Она говорила весело, слишком даже весело, чтобы можно было в это поверить, и в следующую секунду она остановилась и вдруг сказала негромко, ожесточенно:
- Он меня не любит. Осталось какое-то уважение, привычка. Он так закрылся от меня, мне очень трудно с ним... Я устала подстраиваться под его смены настроений - я не успеваю за ними. Он не понимает, очевидно, что в конце концов мне это тоже может надоесть. У всех свои сложности, не думаю, что он исключение.
Взгляд ее остановился на Саше, в голосе вдруг теперь мольба, надежда.
- Я тебя прошу, сходи в управление - поговори. Мне на самом деле не к кому больше обратиться... Я тебя очень прошу, это слишком серьезно, а для тебя это не составит, по-моему, никакого труда... Он уже там, наверно, в приемной, его в час обещали принять. Ты должен быть с ним, я умоляю тебя!
Ему казалось, что в приемной он сидит не так уж и долго.
Во всяком случае, Петр не заметил, как подошла его очередь, как вместо множества людей, еще недавно заполнявших вместительную приемную с мягкой мебелью, остались всего двое: он и еще один человек, по виду командировочный.
Пекло невероятно. Ни ветра, ни дуновения в распахнутых окнах.
Пустой сифон сверкал на столе.
Рубашка взмокла.
Ладони оставляли темные влажные следы на зеркале стола.
Вентилятор направленно вращался в сторону секретарши, но тоже не приносил ей заметного облегчения.
- Вам идти. Пожалуйста, - сказала она Петру.
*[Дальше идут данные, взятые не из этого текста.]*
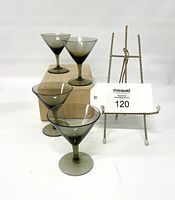 Four small smokey grey martini glasses arranged on and around a box, with a small easel holding the lot card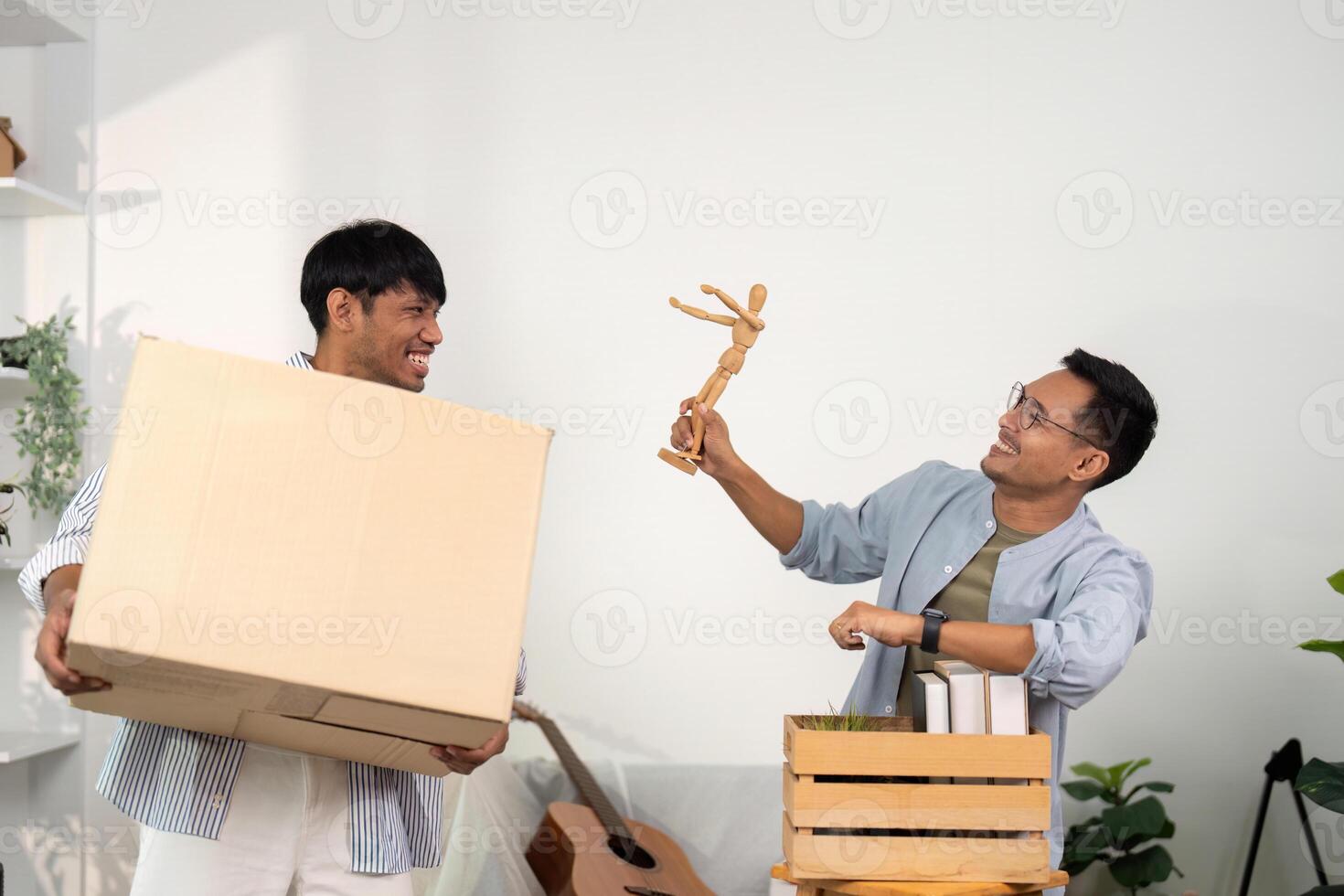 Happy gay couple sharing a moment while unpacking their new home photo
Действительно, ему уже нужно было вставать, одергивать пиджак, поправлять спущенный по жаре галстук, хотя можно и так оставить, но все же - поправим, и шагать к дверям кабинета, за которыми его ожидали вещи ему известные: объяснения - в который уже раз, выяснения, подробности и прочее.
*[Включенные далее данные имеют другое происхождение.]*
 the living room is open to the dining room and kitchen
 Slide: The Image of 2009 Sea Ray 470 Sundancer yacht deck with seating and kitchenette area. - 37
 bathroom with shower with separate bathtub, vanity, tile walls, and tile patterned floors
На секунду он замешкался, глядя по сторонам, как бы вспоминая что-то, что он должен сказать и сделать сейчас же. И все это - под несколько удивленным взглядом секретарши.
- Знаете, - вдруг решительно сказал ей Петр, - мне сейчас нужно срочно уйти. Вспомнил. Вы простите, я зайду еще... А то вот совершенно выскочило из головы... Простите...
Он кивнул и быстро вышел из приемной.
На улице пекло ничуть не меньше, и некуда было деться, тень, казалось, навсегда исчезла из города, и даже под деревьями на бульваре она светилась насквозь, но Петр почувствовал в первые минуты истинное облегчение, смешавшись с толпой, изнемогавшей от жары, куда-то спешащей, летней, белеющей ослепительно газетами, развернутыми на ходу, кепками, рубашками, яркими плетенками с вишнями.
И тут же, радуя глаз, развернулась перед Петром омытая водой, смываемая витрина овощного магазина - зелень, тыквы, арбузы - и еще рядом на уровне лица проплыли в жарком мареве ящики с помидорами...
Он пошел быстрее, как только мог. Зачем? Он и сам не понимал точно.
Спустился в метро. Прохлада станций, мрамор, уже сам по себе холодный и прохладный свежий ветер, всегда дующий из тоннелей.
И духота битком набитого вагона. Спина к спине, лицо к лицу, локоть к локтю. И еще пытаются читать. Разговаривать. Ссориться. Радоваться случайной близости - вагонной, вот такой.